---- Material provided

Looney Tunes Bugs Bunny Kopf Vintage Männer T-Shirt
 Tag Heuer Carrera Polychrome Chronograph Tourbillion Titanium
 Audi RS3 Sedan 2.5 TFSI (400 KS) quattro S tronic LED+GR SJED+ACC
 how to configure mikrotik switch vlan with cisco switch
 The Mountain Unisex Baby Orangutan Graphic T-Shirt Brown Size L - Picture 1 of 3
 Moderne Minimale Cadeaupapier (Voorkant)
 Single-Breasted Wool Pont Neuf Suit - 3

--------

● **Work to be completed**
Which lines hold the string "Shirt"? Copy all of them from the data above.

● **Answer section**
Looney Tunes Bugs Bunny Kopf Vintage Männer T-Shirt
 The Mountain Unisex Baby Orangutan Graphic T-Shirt Brown Size L - Picture 1 of 3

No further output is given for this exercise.